Records from a dataset:
◇ ◇ ◇ ◇
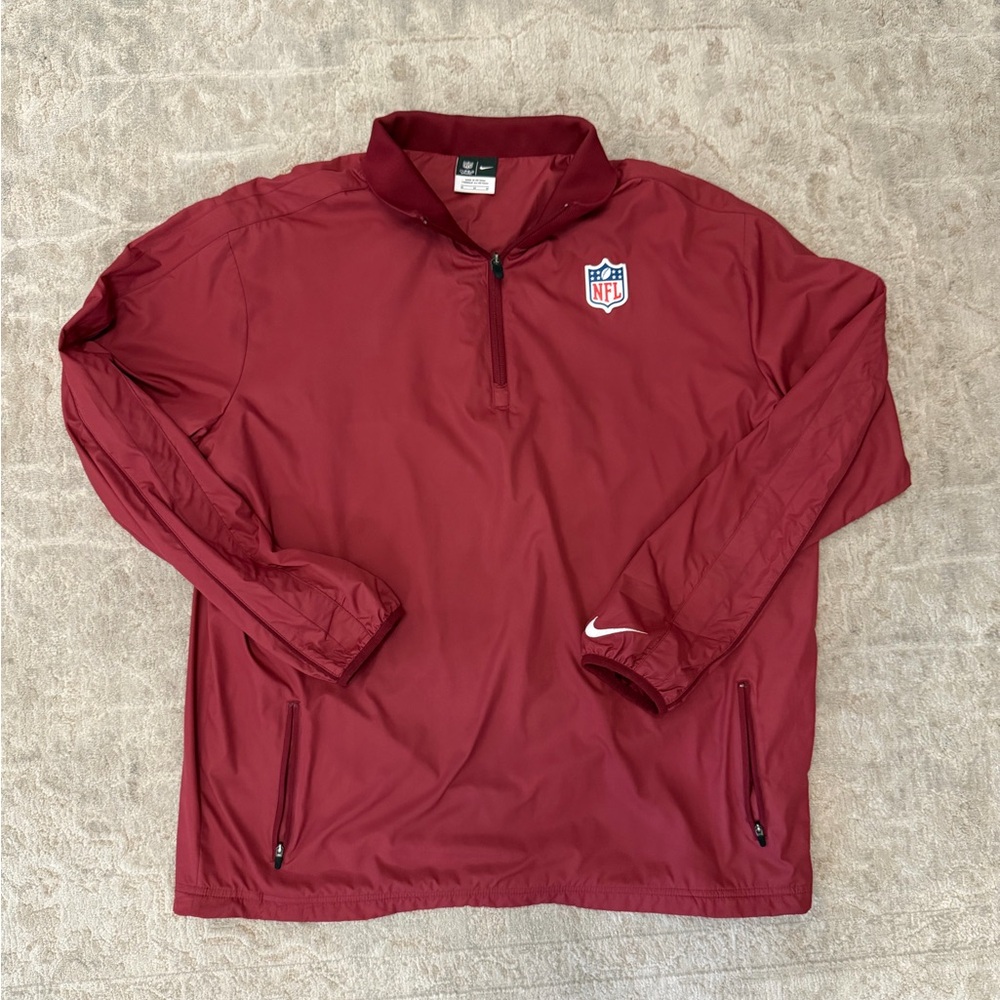 NFL Nike Shield Logo On-Field Apparel Quarter Zip- Men’s Medium
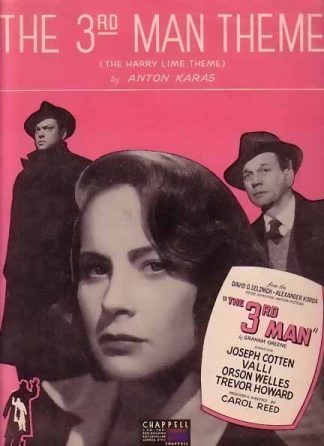 The 3rd Man Theme Song 1949 Sheet Music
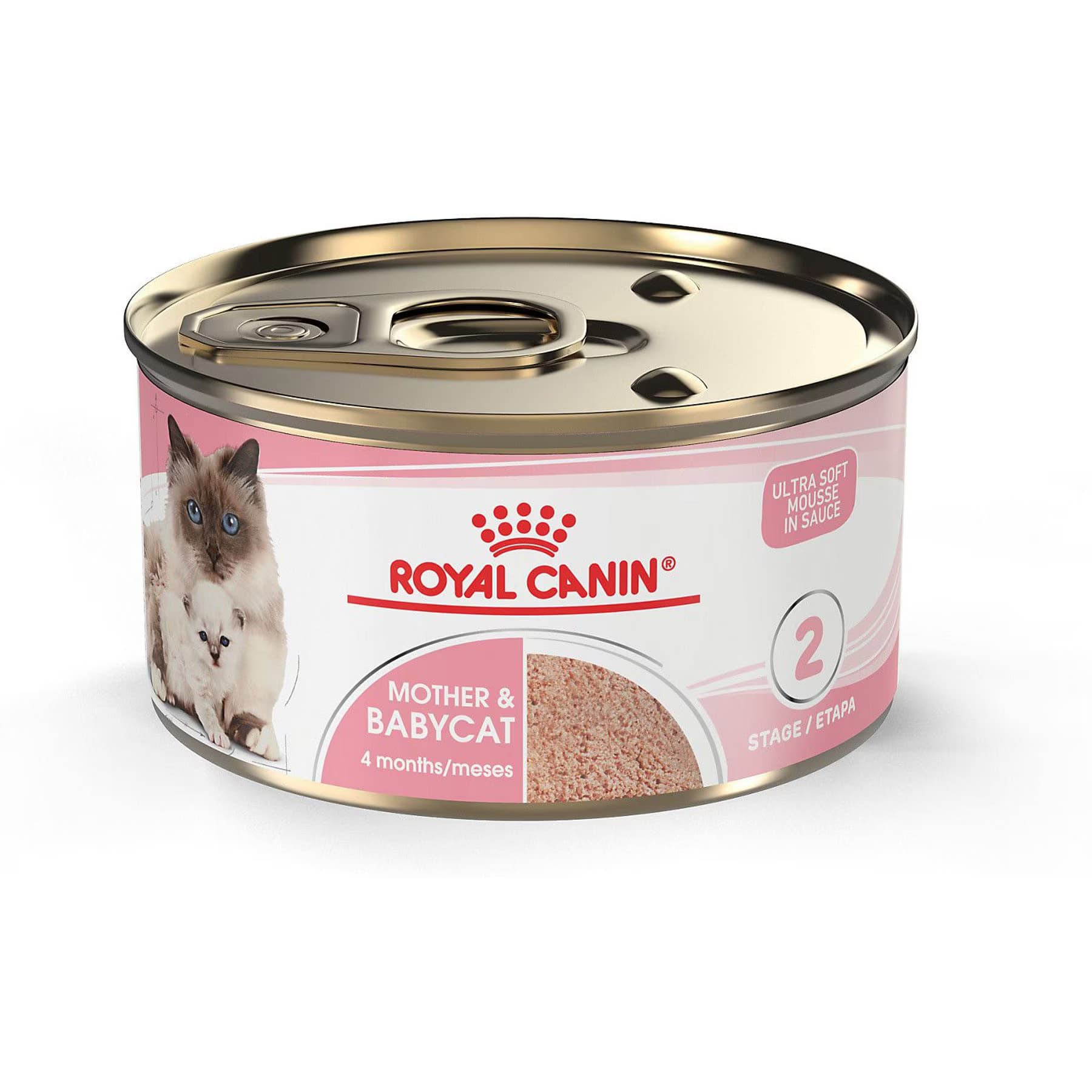 Royal Canin Mother & Babycat Ultra-Soft Mousse in Sauce Wet Cat Food for New Kittens & Nursing or Pregnant Mother Cats, 3-oz — view 3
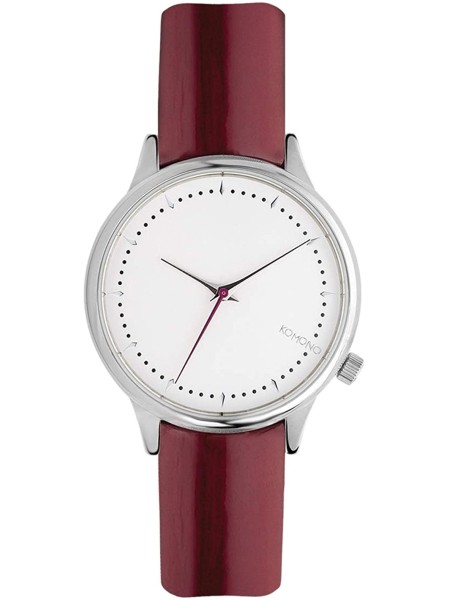 Komono KOM-W2858 Γυναικείο ρολόι, real leather λουρί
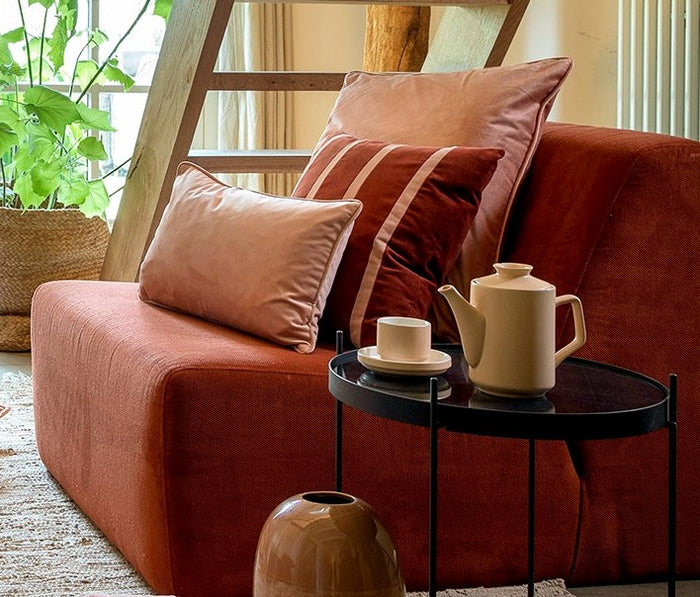 Dutch Decor sierkussen FINN - 60x60 cm Muted Clay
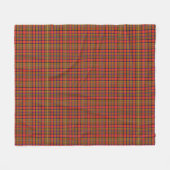 Hepburn Modern Schotlandse ruit Fleece Deken (Voorkant (Horizontaal))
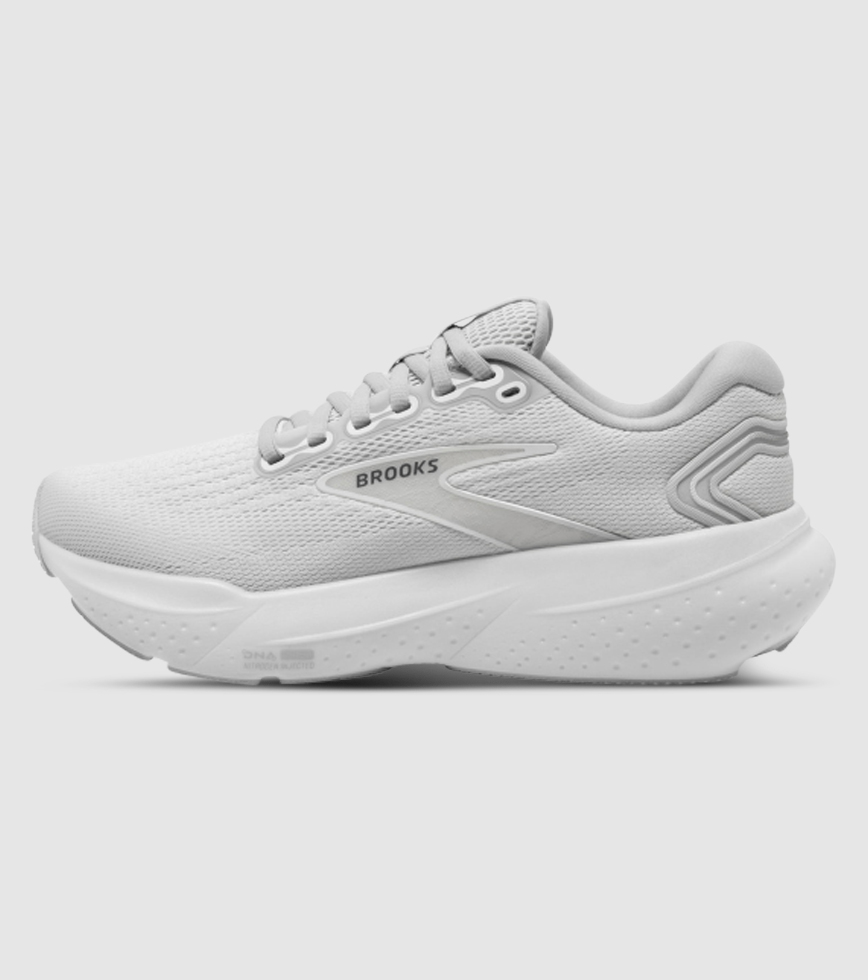 BROOKS GLYCERIN 21 MENS WHITE WHITE GREY The Athlete s Foot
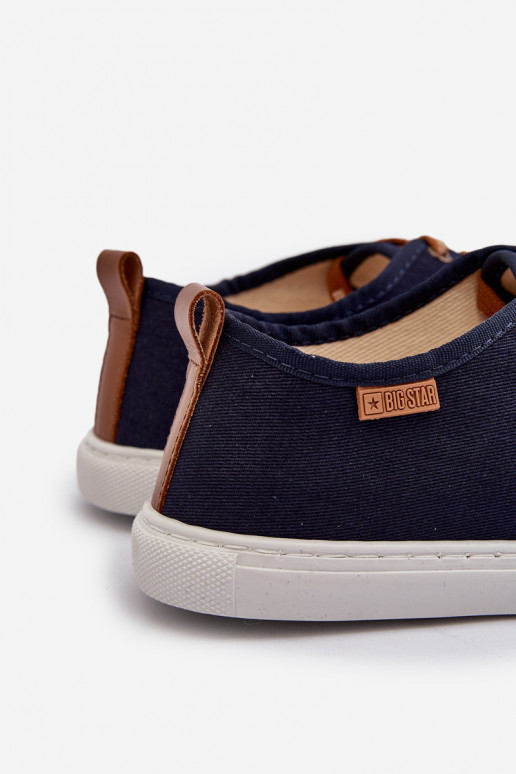 Sporta apavi Vīriešu brīvā laika apavi Big Star NN176002 Memory Foam System tumši zilas krāsas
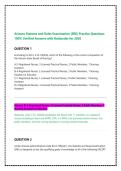 Arizona Statutes and Rules Exam &lpar;SRE&rpar; &vert; Complete Practice Questions & Verified Answers &lpar;2026&ndash;2027 Registrar of Contractors Guide&rpar;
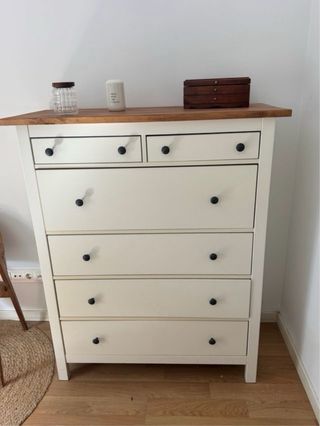 Cómoda Ikea Hemnes Blanca y Madera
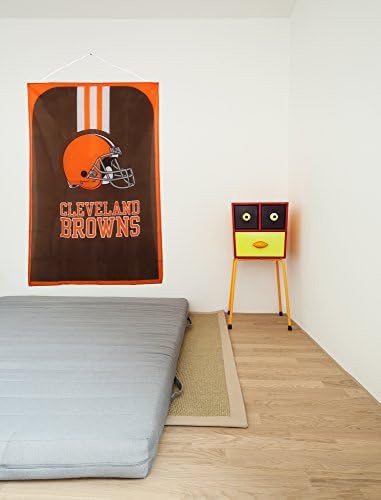 Littlearth NFL Cleveland Browns Takım Fan Bayrağı - Fan Pelerini, 31,5 x 47, Takım Rengi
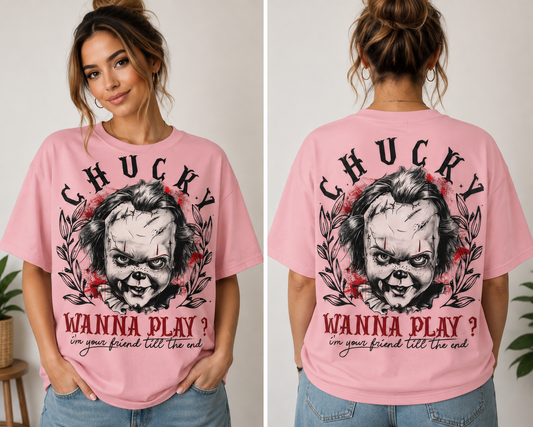 Wanna Play?- DTF T-shirt Design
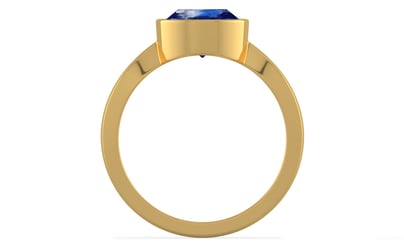 Gold Ceylon Blue Sapphire Ring Limited Quality (R9)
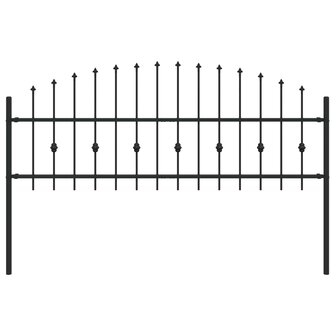 Spijlenhekwerk Zwart 200 x 130 cm Gepoedercoat staal 2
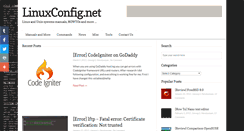 Desktop Screenshot of linuxconfig.net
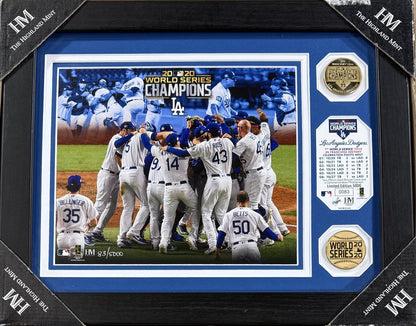 Los Angeles Dodgers 2020 World Series Champions LE Highland Mint Framed Photo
◇ ◇ ◇ ◇
Hand back the exact lines from the start of the entries to the line with "Dutch Decor sierkussen", both ends kept and pictures left out.

Solution for this task:
 NFL Nike Shield Logo On-Field Apparel Quarter Zip- Men’s Medium
 The 3rd Man Theme Song 1949 Sheet Music
 Royal Canin Mother & Babycat Ultra-Soft Mousse in Sauce Wet Cat Food for New Kittens & Nursing or Pregnant Mother Cats, 3-oz — view 3
 Komono KOM-W2858 Γυναικείο ρολόι, real leather λουρί
 Dutch Decor sierkussen FINN - 60x60 cm Muted Clay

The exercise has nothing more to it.